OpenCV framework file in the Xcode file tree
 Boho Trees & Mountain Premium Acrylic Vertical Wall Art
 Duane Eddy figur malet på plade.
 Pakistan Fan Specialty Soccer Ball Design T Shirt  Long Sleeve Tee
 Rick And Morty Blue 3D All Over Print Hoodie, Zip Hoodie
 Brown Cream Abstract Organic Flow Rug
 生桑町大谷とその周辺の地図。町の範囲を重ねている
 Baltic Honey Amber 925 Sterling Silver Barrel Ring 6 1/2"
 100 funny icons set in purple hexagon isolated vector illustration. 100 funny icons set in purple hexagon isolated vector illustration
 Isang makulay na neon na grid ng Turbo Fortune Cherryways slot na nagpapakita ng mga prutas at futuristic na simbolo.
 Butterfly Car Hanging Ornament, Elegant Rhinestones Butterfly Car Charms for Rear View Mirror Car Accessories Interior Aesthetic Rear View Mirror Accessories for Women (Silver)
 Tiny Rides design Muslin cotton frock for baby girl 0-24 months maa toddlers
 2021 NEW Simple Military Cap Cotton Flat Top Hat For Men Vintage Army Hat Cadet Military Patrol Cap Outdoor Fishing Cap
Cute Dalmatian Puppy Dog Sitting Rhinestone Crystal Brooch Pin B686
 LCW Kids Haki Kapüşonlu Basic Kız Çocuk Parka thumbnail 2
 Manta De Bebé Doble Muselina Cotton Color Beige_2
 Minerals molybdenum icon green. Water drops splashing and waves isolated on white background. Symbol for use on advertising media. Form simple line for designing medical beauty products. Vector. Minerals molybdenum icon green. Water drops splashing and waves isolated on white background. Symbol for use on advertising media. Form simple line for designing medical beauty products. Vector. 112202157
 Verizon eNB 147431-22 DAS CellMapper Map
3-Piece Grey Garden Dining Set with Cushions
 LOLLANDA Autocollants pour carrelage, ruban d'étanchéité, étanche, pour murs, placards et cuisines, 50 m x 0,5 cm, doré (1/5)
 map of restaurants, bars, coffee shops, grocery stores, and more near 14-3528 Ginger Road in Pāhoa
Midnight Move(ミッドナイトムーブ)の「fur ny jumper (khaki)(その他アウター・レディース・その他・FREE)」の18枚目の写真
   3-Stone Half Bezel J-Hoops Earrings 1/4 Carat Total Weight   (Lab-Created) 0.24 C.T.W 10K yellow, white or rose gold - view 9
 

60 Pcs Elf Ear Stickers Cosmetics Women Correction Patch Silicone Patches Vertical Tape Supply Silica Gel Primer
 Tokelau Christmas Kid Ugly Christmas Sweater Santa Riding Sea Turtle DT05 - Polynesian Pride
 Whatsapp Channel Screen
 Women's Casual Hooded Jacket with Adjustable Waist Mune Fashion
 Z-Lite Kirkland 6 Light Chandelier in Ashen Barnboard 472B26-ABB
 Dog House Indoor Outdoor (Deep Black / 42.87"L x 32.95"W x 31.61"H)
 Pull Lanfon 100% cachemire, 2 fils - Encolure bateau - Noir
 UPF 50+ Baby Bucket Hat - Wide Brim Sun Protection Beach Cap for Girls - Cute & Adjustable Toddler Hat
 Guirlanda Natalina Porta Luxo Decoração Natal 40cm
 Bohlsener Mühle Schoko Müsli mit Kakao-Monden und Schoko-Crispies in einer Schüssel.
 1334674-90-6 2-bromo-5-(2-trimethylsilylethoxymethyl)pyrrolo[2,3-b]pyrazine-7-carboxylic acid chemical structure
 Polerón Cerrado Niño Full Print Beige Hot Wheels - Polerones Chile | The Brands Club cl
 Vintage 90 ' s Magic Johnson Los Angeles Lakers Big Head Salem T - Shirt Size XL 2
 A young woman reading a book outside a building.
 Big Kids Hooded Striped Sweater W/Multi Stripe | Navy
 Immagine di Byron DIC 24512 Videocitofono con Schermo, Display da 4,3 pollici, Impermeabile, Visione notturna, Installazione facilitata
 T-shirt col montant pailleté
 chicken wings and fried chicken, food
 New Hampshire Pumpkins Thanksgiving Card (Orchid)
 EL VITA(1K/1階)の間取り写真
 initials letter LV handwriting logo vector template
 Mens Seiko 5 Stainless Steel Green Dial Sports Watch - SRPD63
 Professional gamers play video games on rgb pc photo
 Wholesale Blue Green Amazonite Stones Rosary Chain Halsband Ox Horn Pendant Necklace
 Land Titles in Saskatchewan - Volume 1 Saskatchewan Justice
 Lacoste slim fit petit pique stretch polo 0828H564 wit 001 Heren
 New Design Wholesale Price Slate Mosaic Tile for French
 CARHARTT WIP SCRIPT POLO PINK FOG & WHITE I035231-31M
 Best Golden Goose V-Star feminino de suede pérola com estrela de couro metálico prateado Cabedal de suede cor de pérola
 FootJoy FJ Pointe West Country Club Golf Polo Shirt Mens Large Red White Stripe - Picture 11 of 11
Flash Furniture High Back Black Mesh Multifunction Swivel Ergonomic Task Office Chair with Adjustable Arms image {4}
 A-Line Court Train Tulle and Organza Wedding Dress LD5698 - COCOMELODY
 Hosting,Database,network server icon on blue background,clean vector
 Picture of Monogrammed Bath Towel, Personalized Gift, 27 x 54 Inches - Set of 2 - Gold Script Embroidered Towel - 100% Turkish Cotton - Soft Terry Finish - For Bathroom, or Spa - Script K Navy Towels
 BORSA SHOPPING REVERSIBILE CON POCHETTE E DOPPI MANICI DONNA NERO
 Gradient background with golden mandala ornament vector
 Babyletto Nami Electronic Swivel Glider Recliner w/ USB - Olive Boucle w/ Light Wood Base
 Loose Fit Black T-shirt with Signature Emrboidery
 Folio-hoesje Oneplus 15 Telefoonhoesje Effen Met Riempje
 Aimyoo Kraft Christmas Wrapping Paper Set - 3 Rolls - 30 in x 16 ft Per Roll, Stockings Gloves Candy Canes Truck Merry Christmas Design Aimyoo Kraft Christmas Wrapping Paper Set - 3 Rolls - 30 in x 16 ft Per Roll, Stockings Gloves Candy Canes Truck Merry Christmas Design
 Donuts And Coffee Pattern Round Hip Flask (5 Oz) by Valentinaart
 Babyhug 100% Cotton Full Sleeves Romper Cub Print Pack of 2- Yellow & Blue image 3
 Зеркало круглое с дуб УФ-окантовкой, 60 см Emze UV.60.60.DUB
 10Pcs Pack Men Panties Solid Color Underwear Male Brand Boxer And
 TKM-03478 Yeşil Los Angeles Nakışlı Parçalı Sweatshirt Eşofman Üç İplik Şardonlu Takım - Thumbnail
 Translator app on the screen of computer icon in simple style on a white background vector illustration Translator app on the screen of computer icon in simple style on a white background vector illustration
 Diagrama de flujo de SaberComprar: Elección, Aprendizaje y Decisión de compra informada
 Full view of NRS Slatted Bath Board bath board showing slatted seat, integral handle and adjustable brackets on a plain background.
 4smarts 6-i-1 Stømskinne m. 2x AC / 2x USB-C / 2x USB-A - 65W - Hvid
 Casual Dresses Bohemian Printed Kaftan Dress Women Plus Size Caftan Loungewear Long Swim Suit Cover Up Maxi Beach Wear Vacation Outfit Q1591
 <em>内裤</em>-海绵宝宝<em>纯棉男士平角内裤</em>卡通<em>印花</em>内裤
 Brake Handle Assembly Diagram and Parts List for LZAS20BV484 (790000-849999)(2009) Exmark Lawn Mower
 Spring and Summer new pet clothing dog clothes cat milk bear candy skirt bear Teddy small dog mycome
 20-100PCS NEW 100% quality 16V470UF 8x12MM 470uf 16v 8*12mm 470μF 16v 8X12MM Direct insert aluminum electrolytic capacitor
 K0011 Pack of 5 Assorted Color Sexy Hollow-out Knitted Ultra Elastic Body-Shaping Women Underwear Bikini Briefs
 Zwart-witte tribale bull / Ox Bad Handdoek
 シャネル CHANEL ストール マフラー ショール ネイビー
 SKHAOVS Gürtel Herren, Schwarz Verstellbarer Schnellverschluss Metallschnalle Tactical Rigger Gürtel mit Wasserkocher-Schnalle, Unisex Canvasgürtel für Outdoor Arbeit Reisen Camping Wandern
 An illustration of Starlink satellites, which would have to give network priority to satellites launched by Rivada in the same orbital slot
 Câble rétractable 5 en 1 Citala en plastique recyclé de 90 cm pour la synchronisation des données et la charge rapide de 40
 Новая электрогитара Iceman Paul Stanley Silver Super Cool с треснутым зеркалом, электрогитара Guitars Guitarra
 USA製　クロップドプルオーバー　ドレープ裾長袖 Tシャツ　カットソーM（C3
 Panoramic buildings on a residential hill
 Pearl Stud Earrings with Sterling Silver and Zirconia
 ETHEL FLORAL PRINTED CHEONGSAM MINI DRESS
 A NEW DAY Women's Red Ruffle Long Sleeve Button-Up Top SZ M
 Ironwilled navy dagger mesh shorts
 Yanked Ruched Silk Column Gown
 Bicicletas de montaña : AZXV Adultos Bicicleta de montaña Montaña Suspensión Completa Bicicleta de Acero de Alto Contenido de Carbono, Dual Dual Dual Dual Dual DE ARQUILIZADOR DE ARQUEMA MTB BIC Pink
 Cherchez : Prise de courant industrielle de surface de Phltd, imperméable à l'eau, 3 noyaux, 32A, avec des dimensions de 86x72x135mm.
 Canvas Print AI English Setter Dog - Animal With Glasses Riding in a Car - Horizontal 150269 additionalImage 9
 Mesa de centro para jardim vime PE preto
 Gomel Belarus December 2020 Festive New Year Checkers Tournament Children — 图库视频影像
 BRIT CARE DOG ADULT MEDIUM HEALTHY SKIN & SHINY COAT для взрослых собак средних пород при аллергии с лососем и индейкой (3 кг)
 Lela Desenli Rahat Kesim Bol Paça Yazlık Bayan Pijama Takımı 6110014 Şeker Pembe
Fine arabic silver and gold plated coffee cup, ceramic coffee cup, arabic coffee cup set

Work instruction =>
Where a line of the entries above holds the word "Bath", return that line.

Expected answer =>
 Picture of Monogrammed Bath Towel, Personalized Gift, 27 x 54 Inches - Set of 2 - Gold Script Embroidered Towel - 100% Turkish Cotton - Soft Terry Finish - For Bathroom, or Spa - Script K Navy Towels
 Full view of NRS Slatted Bath Board bath board showing slatted seat, integral handle and adjustable brackets on a plain background.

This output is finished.